Although some countries do prohibit the ownership of newspapers and broadcasting there is no good reason to do so here. The reason that these are sometimes prohibited in other countries is that where giant media empires exist like those of Berlusconi in Italy, Ted Turner In the United States and Rupert Murdoch in the whole world, the state has to ensure that not just one private voice is heard but that there are many. Currently in Zimbabwe there are no private broadcasting voices and so this is not a problem. In addition if the state were to give out all available frequencies which is what we recommend then there would be enough viable players for this not to be a problem. 

These provisions are once again unfair in that they do not apply to the state media. The state already owns ZBC and Zimpapers and is cross subsidizing them and yet the provisions do not apply to them.

Local Content 
We approve of local content quotas but not where they exist merely to make it impossible to broadcast in a viable fashion. Local content quotas are designed to ensure the growth of the local television and radio production industry, which is very much needed and has been successfully used in Australia to grow their industry. In Australia the local content quotas introduced in the 1950s have ensured a growing local production industry and a growing audience for local production which has translated into a viable international film and television production industry. The percentages, however, have to be reasonably achievable by the local production industry and also the desire for local content and the appreciation of it amongst the audience is something that has to be grown over time.
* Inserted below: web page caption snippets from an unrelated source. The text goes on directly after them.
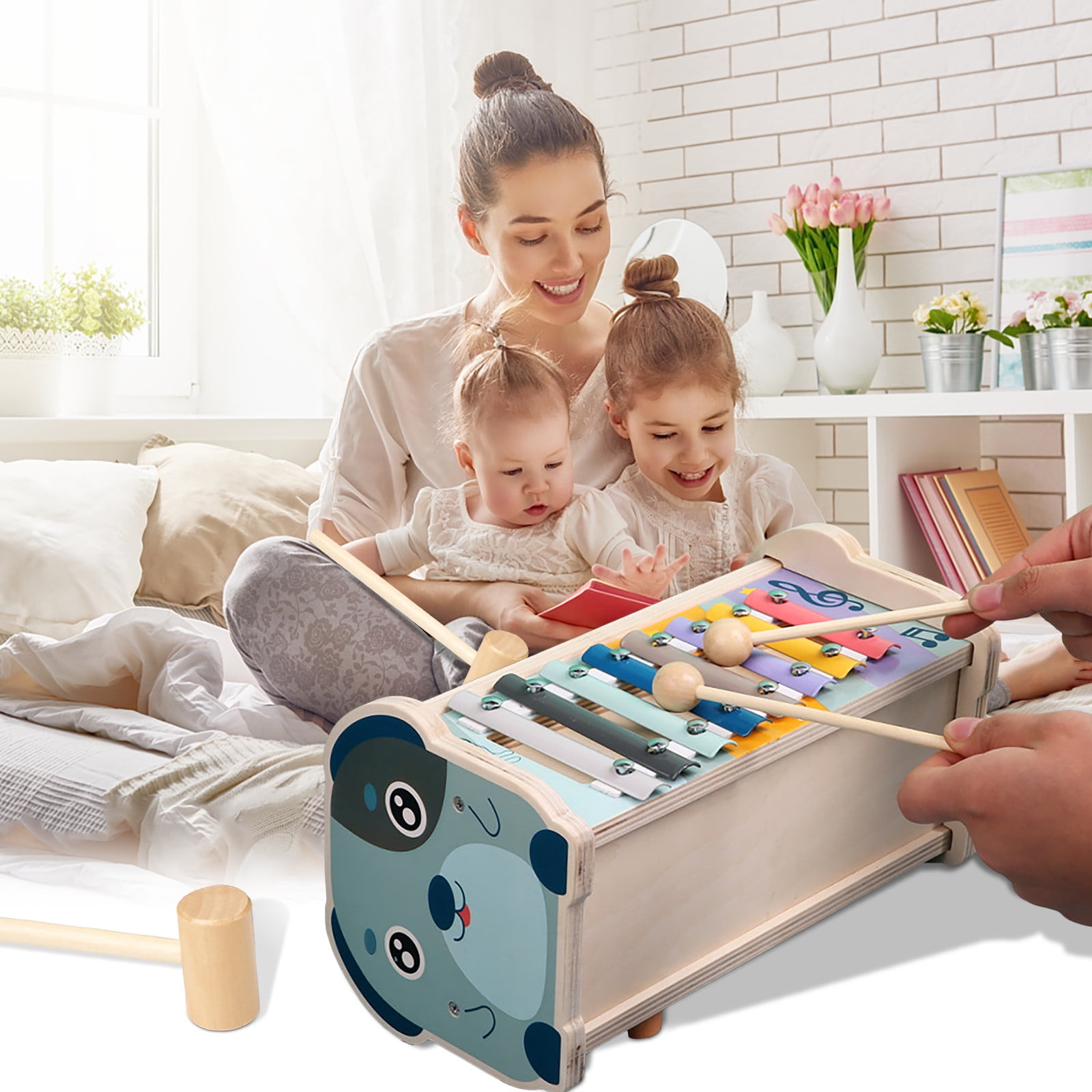 Patlollav Wooden Hammering Pounding Toy For 12 Months Kids Montessori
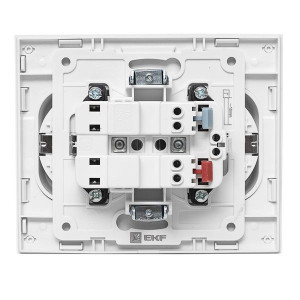Розетка 2-м СП Стокгольм 16А IP20 с заземл. защ. шторки бел. PROxima EXR16-128-10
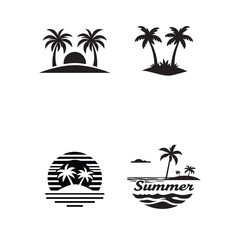 Fototapeta premium set of palm tree silhouette, black and white silhouette, vector and illustration
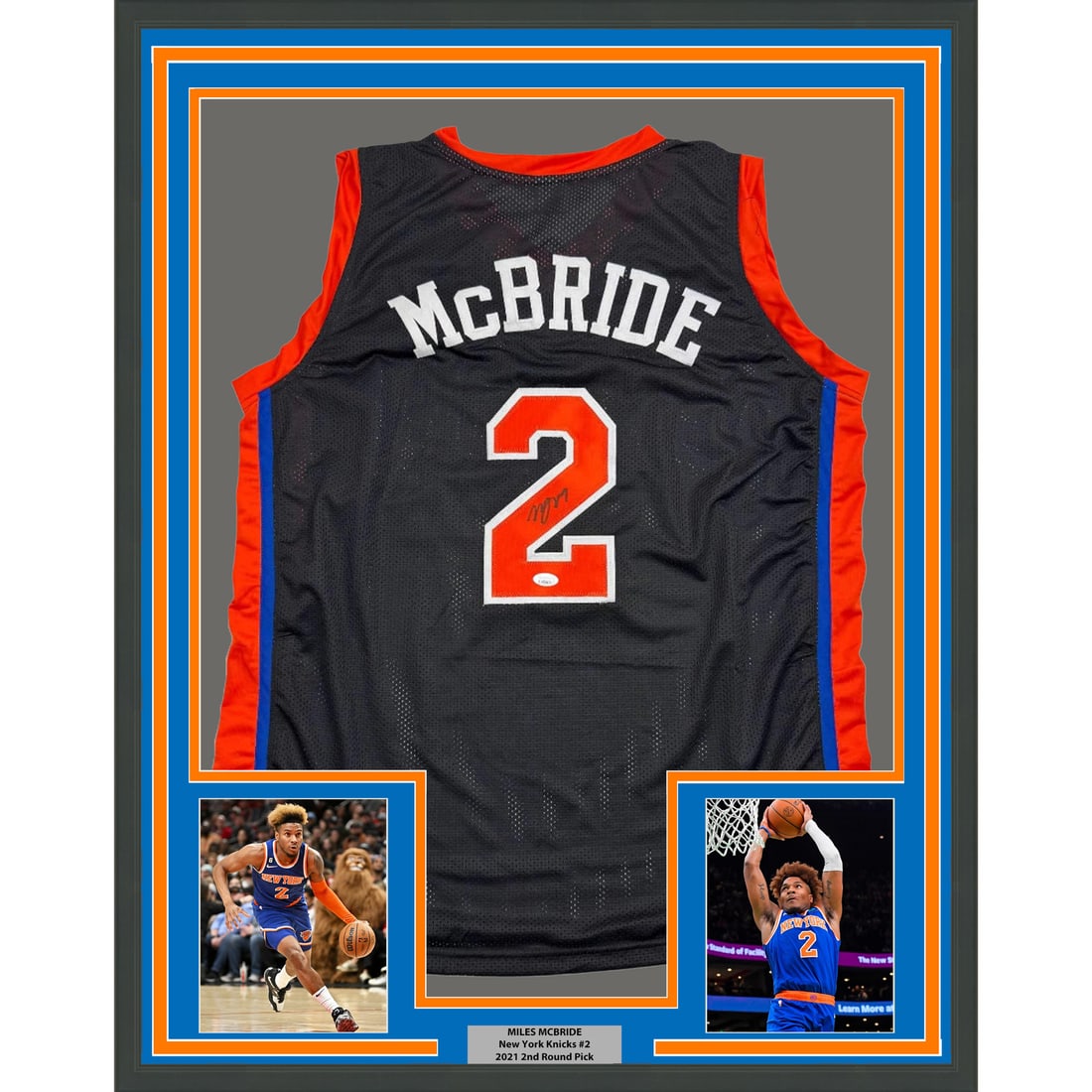 Framed Signed Miles McBride New York Knicks Jersey with JSA COA: Framed Signed Miles McBride New York Knicks Jersey with JSA COA Celebrate your love for the NBA with this professionally framed and matted autographed jersey of Miles McBride. This stunning black jers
If the current provisions of 75% local content for television and 50% local content for radio, were implemented, firstly it would be doubtful whether the local production industry would be able to match such quotas having been decimated by the neglect of the Ministry of Information and the Department of Culture for so long. If they were able to meet it, the quality would ensure that audiences freedom of choice would be constrained in that they would be forced to watch badly produced programming in the vein of ZBC, which is what they have been crying for an alternative to. As a result people will exercise their right to watch outside channels via satellite and will still not promote the local industry. 

In addition, anyone in the industry can tell you that the cost of local production is much higher than that of buying international productions and these provisions would immediately make broadcasting non viable and unsustainable and the Ministry will have achieved its objective of constraining freedom of expression since no-one will be able to afford to broadcast under these provisions. The unattainability of the current provisions can be seen from the fact that the national broadcaster itself does not and will not be able to comply with these provisions. Our recommendation would be that stakeholders be consulted, an audit of production capacity taken, and a more modest total imposed which can be grown as the production industry grows.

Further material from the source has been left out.